They cram this last part in a mere 70 pages while repeatedly mentioning not being able to go deeper. I am not sure why. At 253 pages of text, the book is not particularly long. Had they spent another 50 or even 100 pages, I feel they could have done it more justice. I will be the first to concur that writing such an overview is challenging. Part of the problem, I think, is that the authors (John a science journalist with a PhD in astrophysics, Mary a teacher) do not have a thorough background in (molecular) biology and reach into unfamiliar territory, as evidenced by some elementary mistakes. On p. 218 they mention DNA contains three purines and one pyrimidine, and correct themselves two sentences later (there are two of each). They mix up the DNA base pairs on p. 226 (CT and AG pairs) but get it right on p. 227. And on p. 244 they mention the human genome consists of 6 billion base pairs which is double the actual number. Anyone who has had to study Alberts’s brick will have had these facts drummed into them, but their acknowledgements are silent on whether fellow biologists provided feedback on the manuscript. Now, I do not want to blow a few factual errors out of proportion, but together with the brevity of the material included, and the many other topics not covered, this last part left me less than satisfied.
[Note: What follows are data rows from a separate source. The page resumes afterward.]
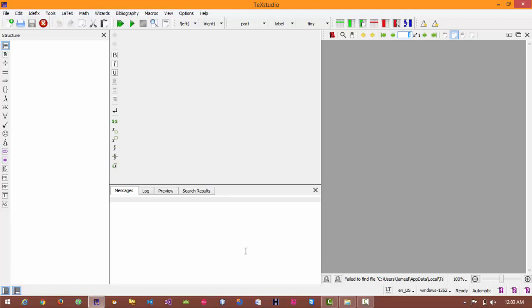This is my debugger window in which all the errors, messages, warnings etc will be shown. This is my preview window in which I can see the preview of my written document.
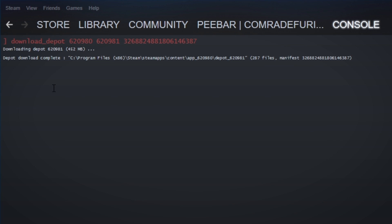Once it's finished downloading, you should have this line pop up that says 'depot download complete.' Then you'll have a file path right here — depending on wherever you save your stuff to, it'll show something different. Basically what you want to do now is copy this file path.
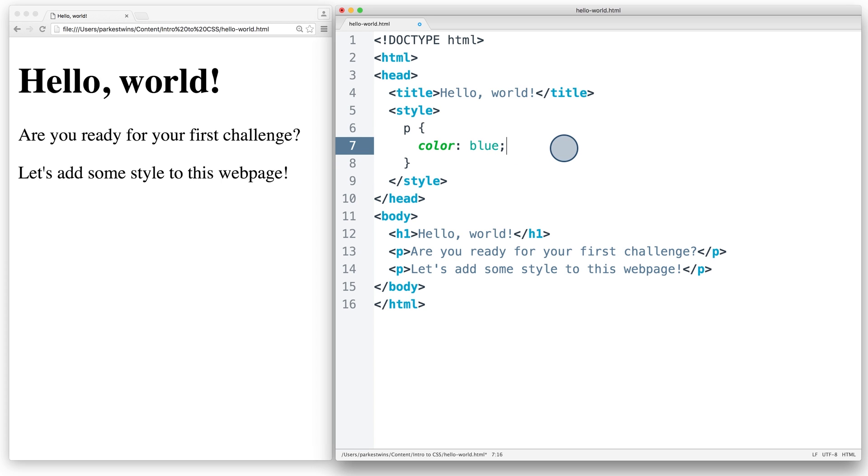Properties are always written in plain English, and they identify a feature of an HTML element that you want to change.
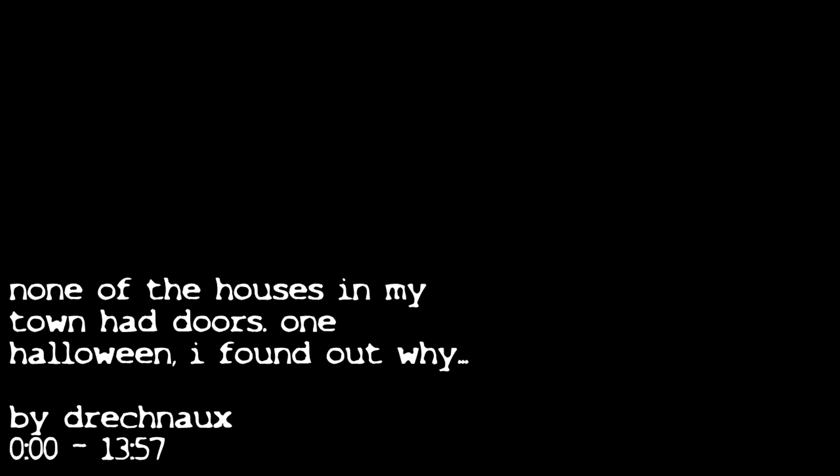Of course, now I realize that's such a perfectly normal thing, but not then. None of the residential houses in my own town had a front door or a back door or any kind of door leading outside for that matter.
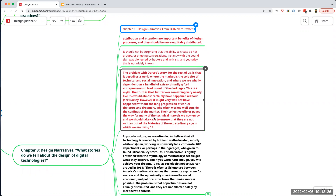The original application was called TextMob, and it was associated with groups coming together for social change — they were using this tool to organize. The story has been completely whitewashed into the Jack Dorsey hero story, that he wrote it from scratch. It was really a bunch of hackers who originally wrote the code, and then it was bought and rewritten.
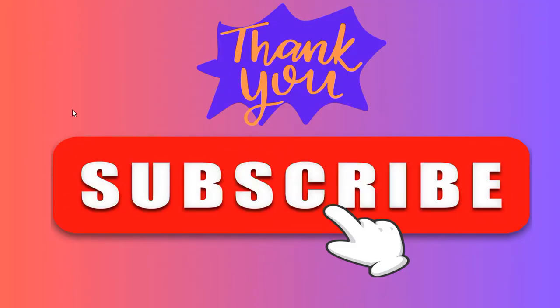That's it guys from my side. I hope you like this video. Kindly like, share and comment, and do subscribe to my channel. Thank you so much.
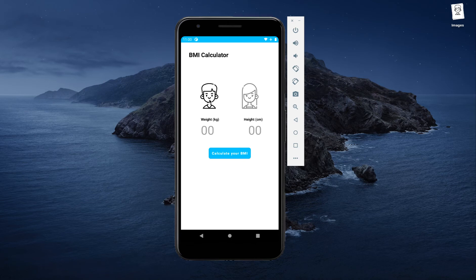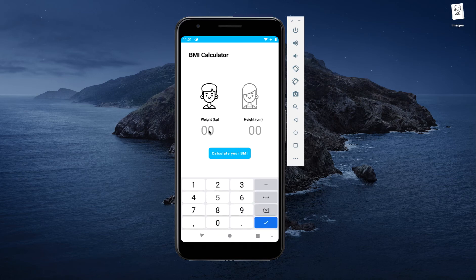We'll have an option to choose between the gender, such as boy or girl, and then we will have an option to enter weight, height, and calculate the BMI. The weight and height fields have been adjusted so that the keyboard only shows numeric values and not the whole text layout of the keyboard.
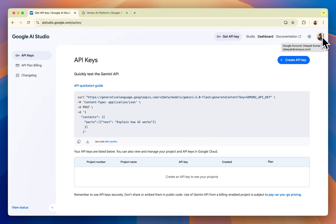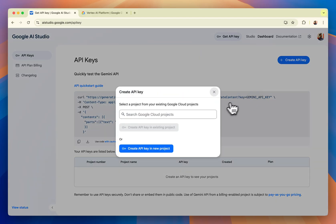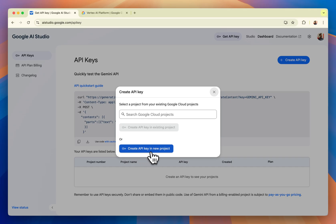As you can see, I'm already logged in. You'll just need to click on this 'Create API Key' button. It will show you a pop-up. The best thing is to click on 'Create API key in new project'. This will create a new project in your Google Cloud Console and then show you the API directly.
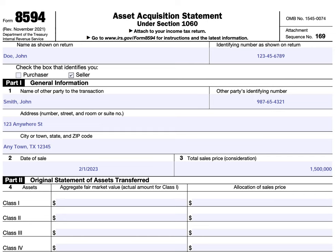Going over IRS Form 8594, Asset Acquisition Statement under Section 1060 of the Tax Code.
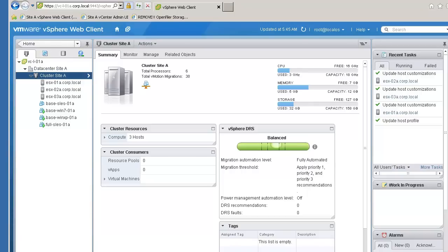Welcome to our demonstration of the new Auto Deploy Stateless Caching Mode introduced with VMware vSphere version 5.1. This video shows how to enable Auto Deploy Stateless Caching in an environment that is already configured to use Auto Deploy.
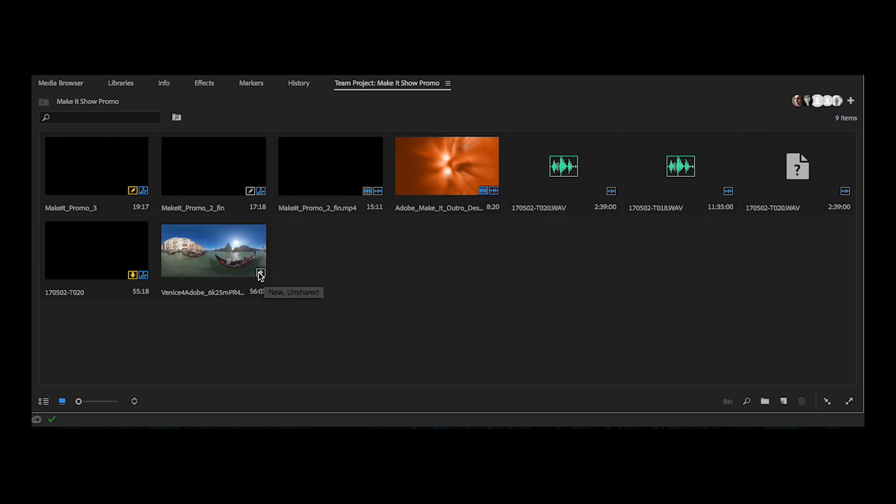Improved Asset Status Badges in Premiere Pro alert you when edits are made by team members, even before they share those changes. These visual cues help you avoid editing conflicts.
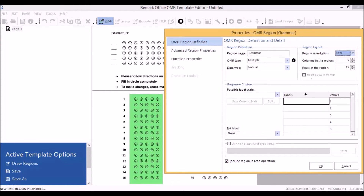Then you'll want to set labels for your data. This is where you record your data values, which in this case are A through E. The same idea holds for a survey style form — these labels would be your answer choices such as strongly agree to strongly disagree. When Remark Software reads your forms, each of your respondents' answers will be recorded in the Data Center spreadsheet.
Overall then, this book is an excellent introduction to the history of evolution before and up to Darwin that retains important detail despite being relatively brief. I was less impressed with the coverage on the developments since Darwin, which would benefit from supplementary reading. I hope a future review of The Black Box of Biology will fill in some of the blanks regarding molecular biology.


Disclosure: The publisher provided a review copy of this book. The opinion expressed here is my own, however.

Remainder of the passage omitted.